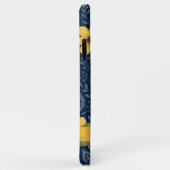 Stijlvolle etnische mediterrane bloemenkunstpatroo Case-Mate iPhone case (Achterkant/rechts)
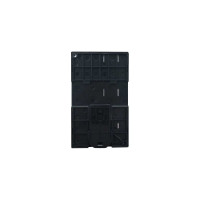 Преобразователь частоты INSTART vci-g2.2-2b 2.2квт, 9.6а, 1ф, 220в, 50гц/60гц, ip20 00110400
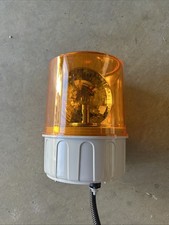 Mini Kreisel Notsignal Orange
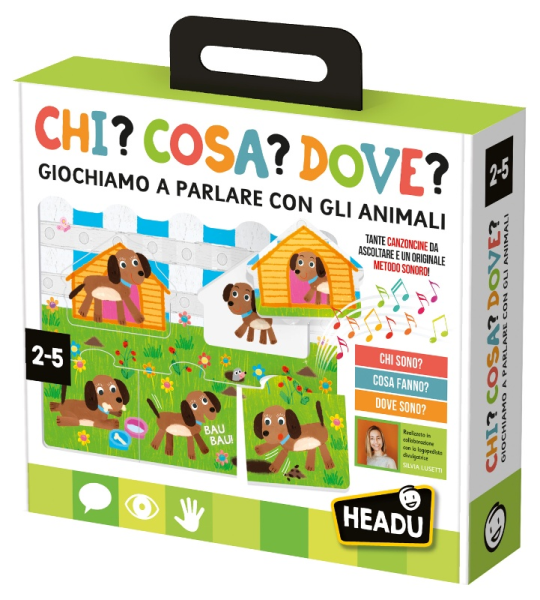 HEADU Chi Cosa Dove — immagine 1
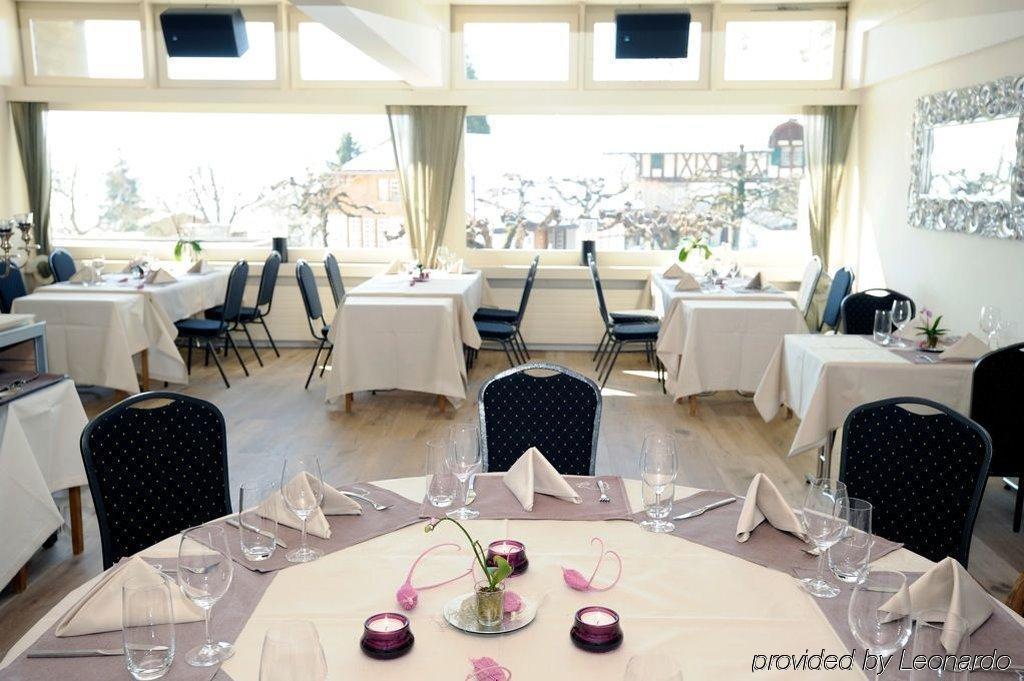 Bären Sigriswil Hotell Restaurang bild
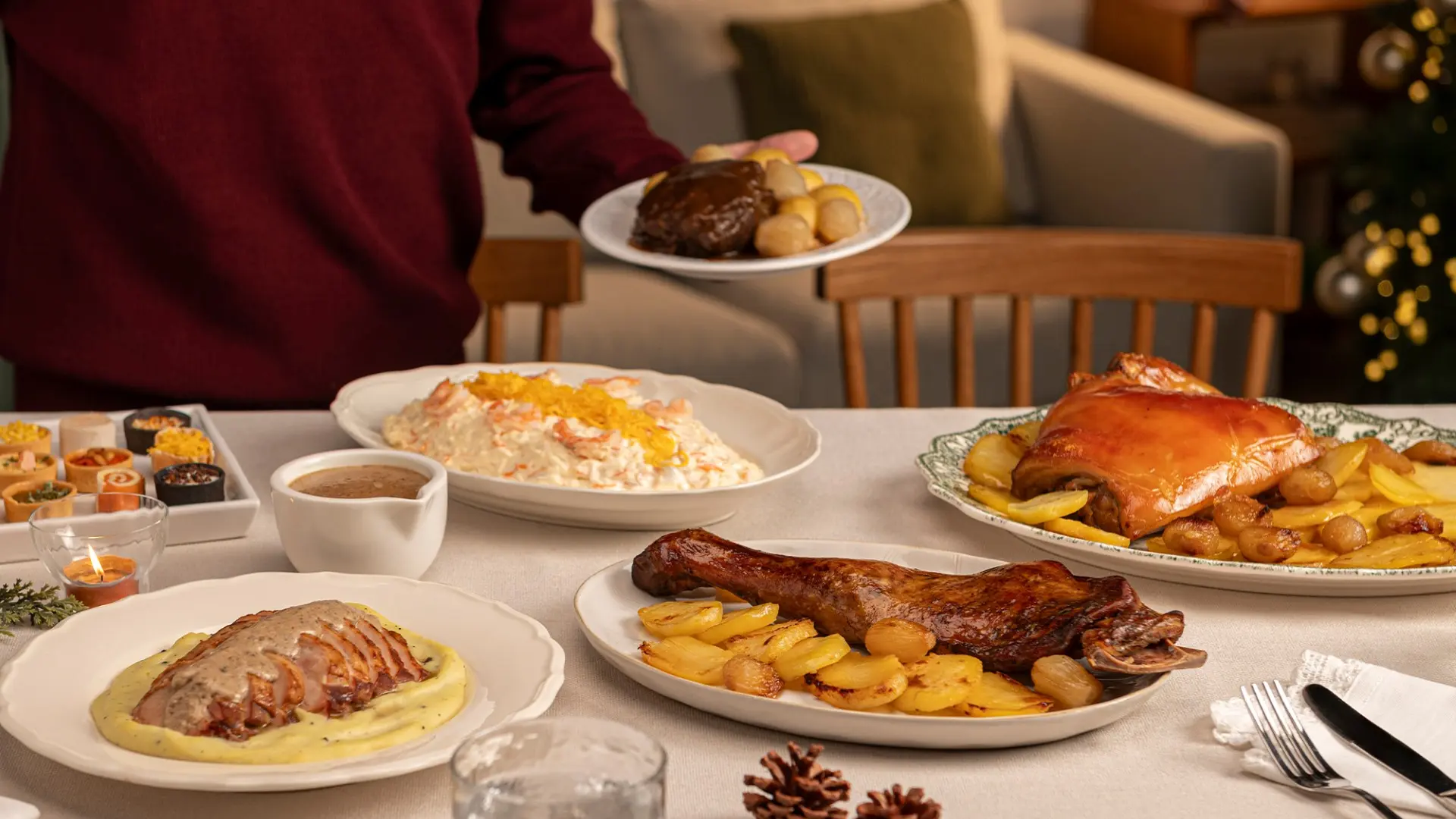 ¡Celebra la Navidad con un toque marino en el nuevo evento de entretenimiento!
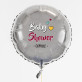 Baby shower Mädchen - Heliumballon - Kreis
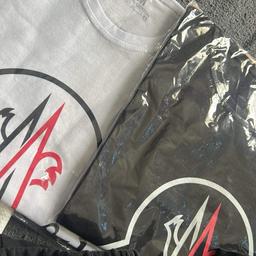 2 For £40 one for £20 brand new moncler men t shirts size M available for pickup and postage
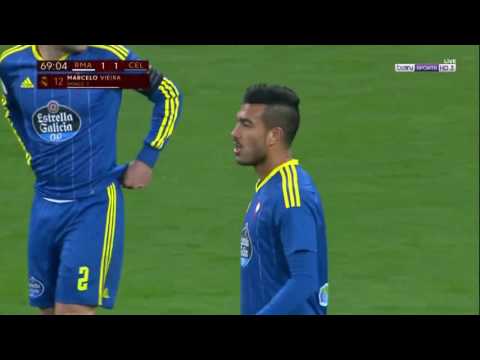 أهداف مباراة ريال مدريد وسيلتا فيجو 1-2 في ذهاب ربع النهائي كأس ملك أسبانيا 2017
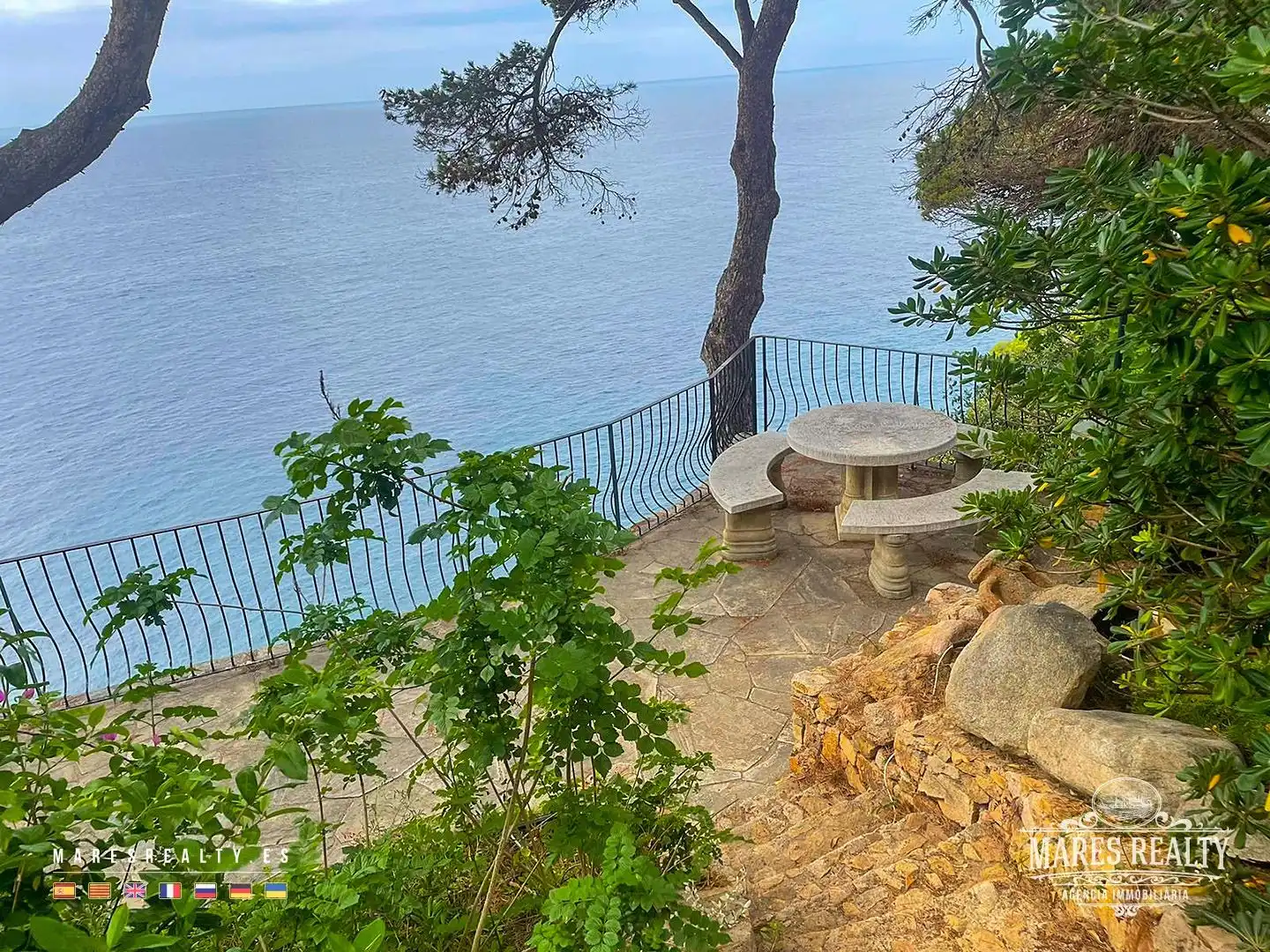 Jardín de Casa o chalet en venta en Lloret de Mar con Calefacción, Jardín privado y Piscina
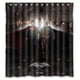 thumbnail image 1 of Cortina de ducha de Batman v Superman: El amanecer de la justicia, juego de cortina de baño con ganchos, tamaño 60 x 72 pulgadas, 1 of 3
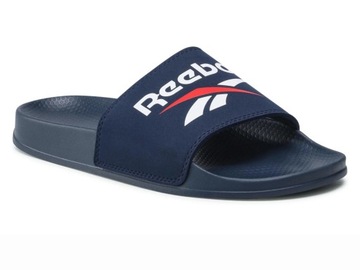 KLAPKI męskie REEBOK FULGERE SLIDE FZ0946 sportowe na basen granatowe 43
* * *
# Aim of the task
Although the records contain pictures, transcribe only their text, exactly as written.

# Answer to the problem
 Stijlvolle etnische mediterrane bloemenkunstpatroo Case-Mate iPhone case (Achterkant/rechts)
 Преобразователь частоты INSTART vci-g2.2-2b 2.2квт, 9.6а, 1ф, 220в, 50гц/60гц, ip20 00110400
 Mini Kreisel Notsignal Orange
 HEADU Chi Cosa Dove — immagine 1
 Bären Sigriswil Hotell Restaurang bild
 ¡Celebra la Navidad con un toque marino en el nuevo evento de entretenimiento!
 Baby shower Mädchen - Heliumballon - Kreis
 2 For £40 one for £20 brand new moncler men t shirts size M available for pickup and postage
 أهداف مباراة ريال مدريد وسيلتا فيجو 1-2 في ذهاب ربع النهائي كأس ملك أسبانيا 2017
 Jardín de Casa o chalet en venta en Lloret de Mar con Calefacción, Jardín privado y Piscina
 thumbnail image 1 of Cortina de ducha de Batman v Superman: El amanecer de la justicia, juego de cortina de baño con ganchos, tamaño 60 x 72 pulgadas, 1 of 3
 KLAPKI męskie REEBOK FULGERE SLIDE FZ0946 sportowe na basen granatowe 43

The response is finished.